Your task
Exactly reproduce the lines from the one containing "Women greet each" through the last line of the data, both ends included, leaving out pictures.

[Records for this exercise]

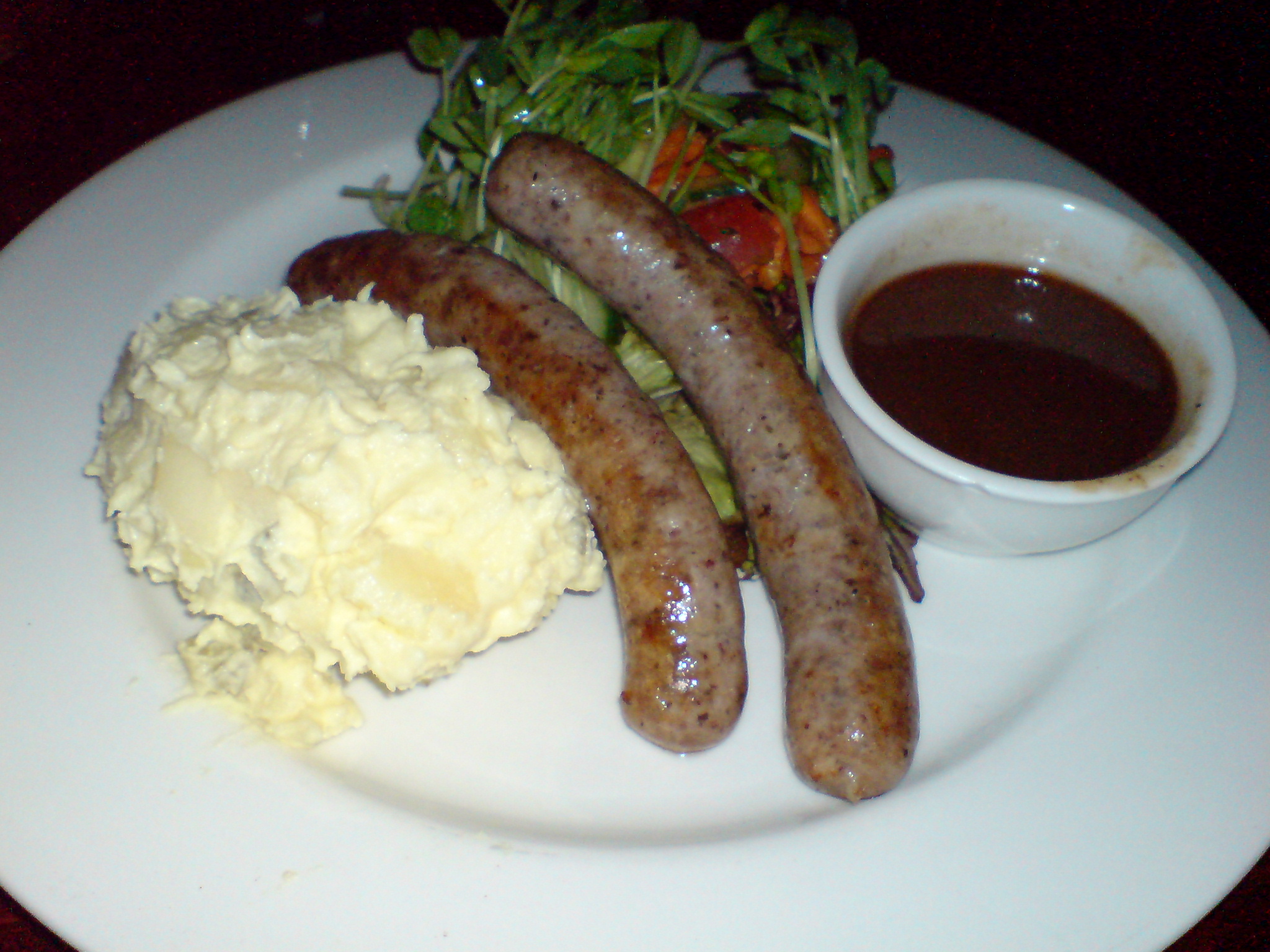a plate with mashed potatoes and some sausages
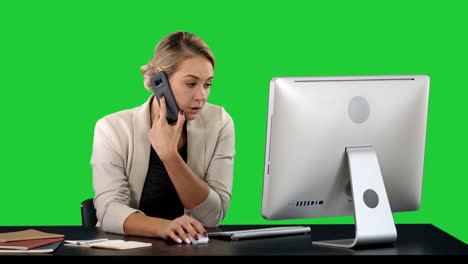 attractive young woman talking on the mobile phone and smiling while sitting at her working place in office and looking at computer on a green screen, chroma key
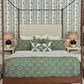 A neatly made Julian Chichester Rita Cane Wrap Four Poster Bed with green patterned bedding and pillows, flanked by two lamps on white nightstands against a leafy wallpaper background.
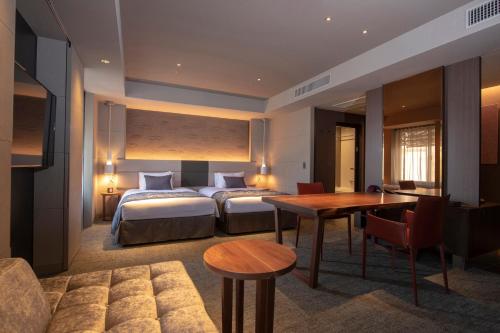 a hotel room with two beds and a table at Tokyu Stay Kyoto Sakaiza Shijo Kawaramachi in Kyoto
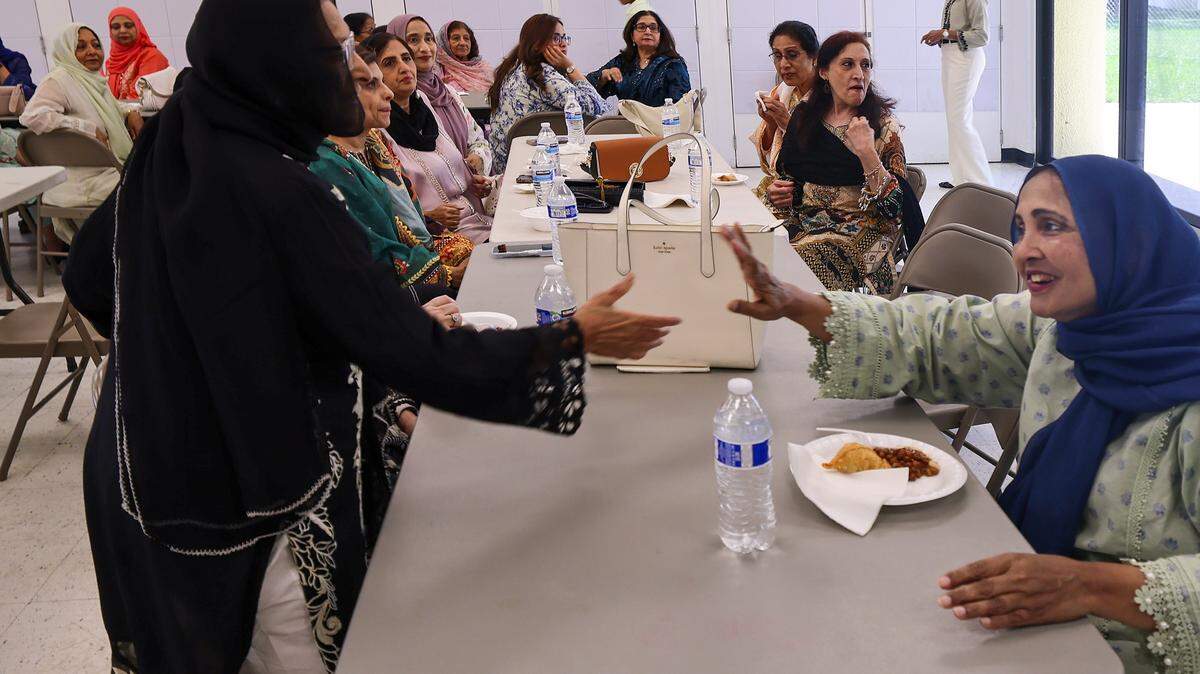 Women greet each other at the Kendall Social Club at Kendale Lakes Park clubhouse on Sunday, Sept. 15, 2025.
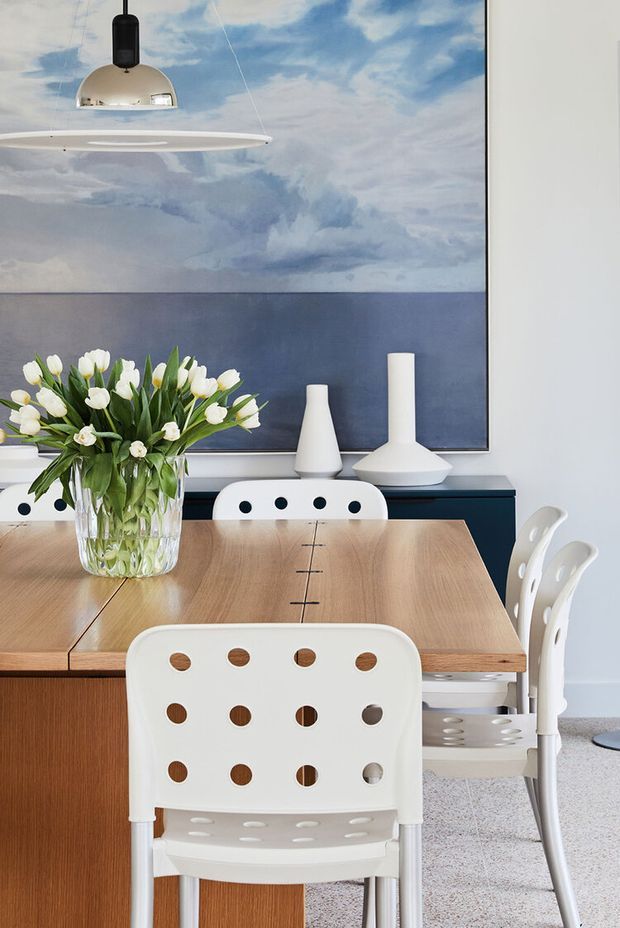 A bright dining area with a large timber dining table surrounded by white perforated chairs. A clear vase of white tulips sits on the table, while white sculptural vases and a modern pendant light complement a large blue-toned ocean-and-sky artwork on the wall. The room has a clean, contemporary aesthetic with warm timber cabinetry and pale carpeting.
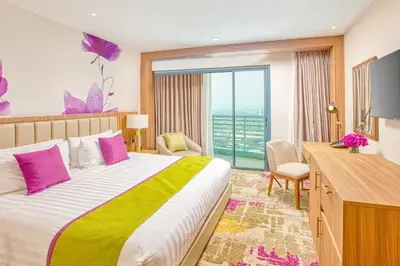 a hotel room with a bed and a large window at Eastwood Richmonde Hotel Quezon City in Manila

[/Records for this exercise]

Expected answer
 Women greet each other at the Kendall Social Club at Kendale Lakes Park clubhouse on Sunday, Sept. 15, 2025.
 A bright dining area with a large timber dining table surrounded by white perforated chairs. A clear vase of white tulips sits on the table, while white sculptural vases and a modern pendant light complement a large blue-toned ocean-and-sky artwork on the wall. The room has a clean, contemporary aesthetic with warm timber cabinetry and pale carpeting.
 a hotel room with a bed and a large window at Eastwood Richmonde Hotel Quezon City in Manila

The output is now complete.